O dia de ontem foi marcado pelos caucuses do estado de Iowa. O que é um caucus? Boa pergunta. É daqueles conceitos da política norte-americana que parecem trigonometria misturada com física quântica com um tempero de fenómenos do Entroncamento. Basicamente, os caucus são uma grande chatice. Em vez de, como ocorre em eleições primárias, o eleitor pôr o voto na urna e pôr-se a andar, tem de participar numa espécie de reunião de condomínio em que as pessoas (os caucus-goers) se dividem em grupos pelos candidatos que apoiam. É como se tivéssemos a escolher equipas para jogar à bola no recreio, mas em que o gordo tem os mesmos direitos que os outros e não é obrigado a ir à baliza (sei do que estou a falar). O que interessa é que tudo isto constitui o início da batalha pela nomeação democrática, ou seja, é o início de uma jornada de 5 meses que se concretizará na escolha adversário de Donald Trump.

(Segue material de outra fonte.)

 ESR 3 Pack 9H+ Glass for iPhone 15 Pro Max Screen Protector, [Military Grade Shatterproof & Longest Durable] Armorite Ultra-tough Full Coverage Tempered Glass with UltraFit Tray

Até ao momento em que escrevo esta crónica, os resultados ainda não foram divulgados. Mas as sondagens dão a vitória a Bernie Sanders, o senador de Vermont que se identifica como democrata socialista e que já concorreu contra Hillary Clinton nas primárias de 2016. Não sabemos se irá sair vitorioso do Iowa, mas uma vitória de Sanders levá-lo-ia a ganhar um elã que podia pôr em causa as ambições do candidato do establishment, Joe Biden. Bernie Sanders não tipifica o candidato ideal para os democratas - e há anos que se diz que tem uma agenda demasiado progressista para a realidade dos EUA - mas a verdade é que, mais uma vez, o partido Democrata tem vindo a descartar as possibilidades e o vigor do apoio popular de Bernie, tratando-o como se fosse uma espécie de Tino de Rãs idealista.

Joe Biden é claramente o candidato do sistema. É uma espécie de Hillary II. Não há absolutamente nada de politicamente sedutor em Joe Biden. É preciso ter em conta que os últimos quatro anos foram devastadores para toda a gente que não usa um chapéu MAGA e/ou é rico e é essencial derrotar Donald Trump já em novembro. Mas não basta derrotar Donald Trump, é preciso derrotar a visão do Mundo que a sua vitória fez triunfar. Joe Biden não representa uma nova visão, apenas o refugo do legado de Obama, que comprovadamente não serviu para derrotar Trump em 2016. É como se o Sporting fosse buscar o adjunto do Paulo Bento, porque este último conseguiu uns sólidos segundos lugares.

Já Bernie Sanders significa mudança, da mesma forma que Obama significou em 2008 - sendo que Obama não foi capaz de a operar essa mudança na plenitude. Bernie tem a vantagem de ser Bernie há décadas e décadas, fiel ao seu discurso e comprometido com o progresso. É o candidato mais vocal com o Medicare for All, plano que resultaria no fim do absurdo civilizacional que acontece na saúde nos Estados Unidos. Subscreve também o Green New Deal, um plano rooseveltiano que pretende alterar a estrutura da economia para combater tanto as alterações climáticas como as desigualdades.

Por último, Bernie Sanders, apesar de ter 78 anos, parece ser o único candidato que constitui a voz dos jovens. A sua capacidade de mobilização junto dessa faixa etária pode ser essencial para derrotar Trump. Há toda uma geração que está amarrada por dívidas académicas, com trabalhos precários, sem possibilidade de constituir família e revoltada com os níveis sem precedente de desigualdade que se pode juntar a Bernie não só para derrotar Trump, como para finalmente, pela primeira vez na vida, sentir que existe politicamente.